It has been like Brazil. We’ve endured a very humid few weeks in late June and now early July, with welcome relief lasting only briefly.
Meteorologists express humidity with the word dewpoint. Air with a 65-to-75-degree dewpoint is very humid. If the dewpoint is around 60 degrees, it’s slightly humid. A dewpoint in the 50s feels dry and comfortable.
During late June, the dewpoint was stuck above 70 degrees, which is what they routinely experience in the Carolinas and the Gulf Coast. One quick indicator of extreme humidity is when your windows fog up on the outside. This only happens when the dewpoint is higher than your air-conditioned room’s temperature, so the cool glass chills the air hitting it to where it can no longer hold its moisture as vapor. Likewise, humid air chilled to its dewpoint is what makes toilet bowls and pipes sweat – which they’re been lately doing like crazy. It also guarantees that early-morning lawns are wet with dew.

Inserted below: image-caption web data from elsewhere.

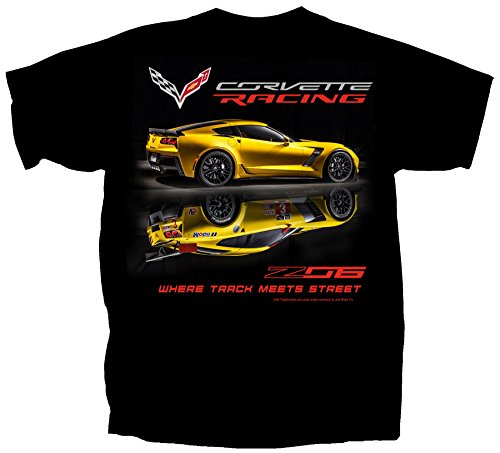 Joe Blow Men's Corvette C7 Z06 'Designed To Dominate' T-Shirt - Officially Licensed Navy Tee - View #8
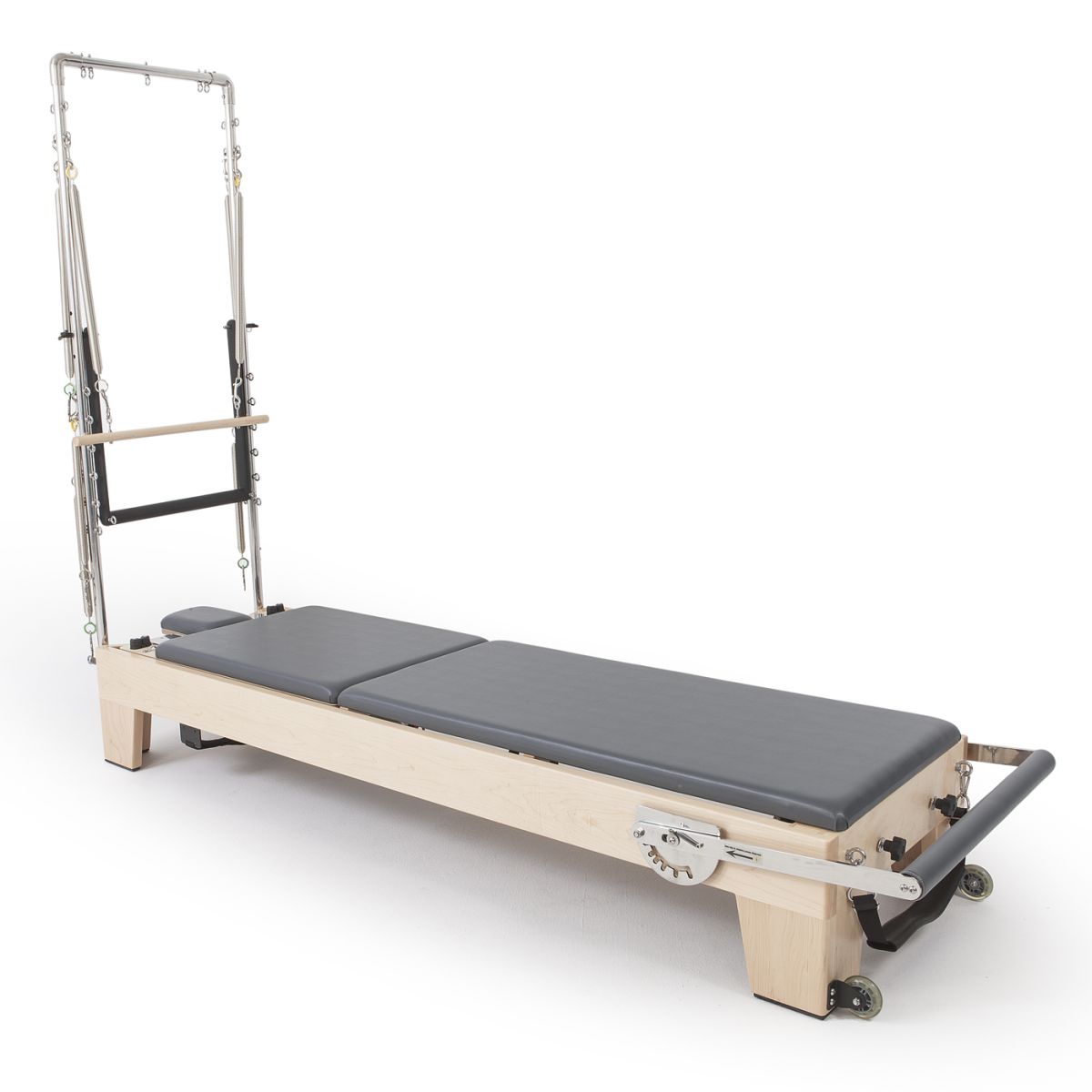 Elina Pilates Elite Cadillac Style Reformer Bundle with Half-Trapeze Tower, Jump Board & Custom Upholstery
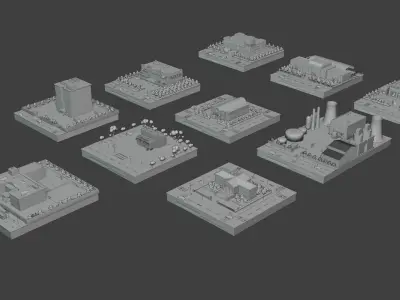 Low Poly Modern City Pack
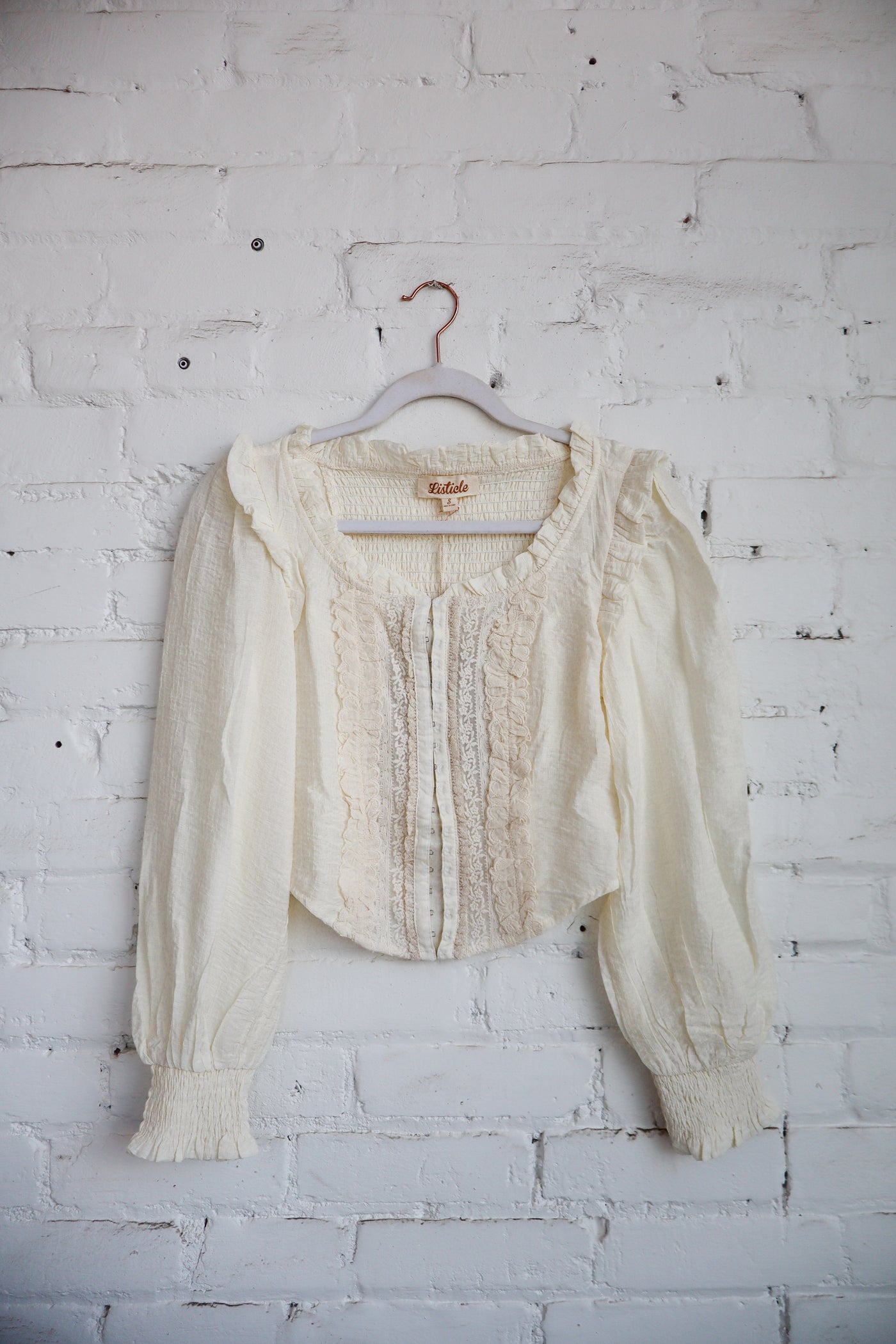 Corset Contrast Blouse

But most people mistakenly judge air dampness by the “relative humidity” percentage. Why is this misleading? Glad you asked. A humid morning may be misty because the air’s cool dawn temperature hovers near the point where it can’t hold its moisture. Thus, the relative humidity at 7 a.m. may be 99 percent. As the day warms and we reach an afternoon reading of 88 degrees, the radio announcer says that the humidity is now 35 percent. Does this mean that the air has dried out? Not at all. But since warm air can hold far more water, it simply means that at 88 degrees the air is now holding only 35 percent as much moisture as it can absorb. But back at 7 a.m., the chilly dawn air was holding virtually all the water it could, which is why it was starting to condense into liquid droplets as mist, fog and dew.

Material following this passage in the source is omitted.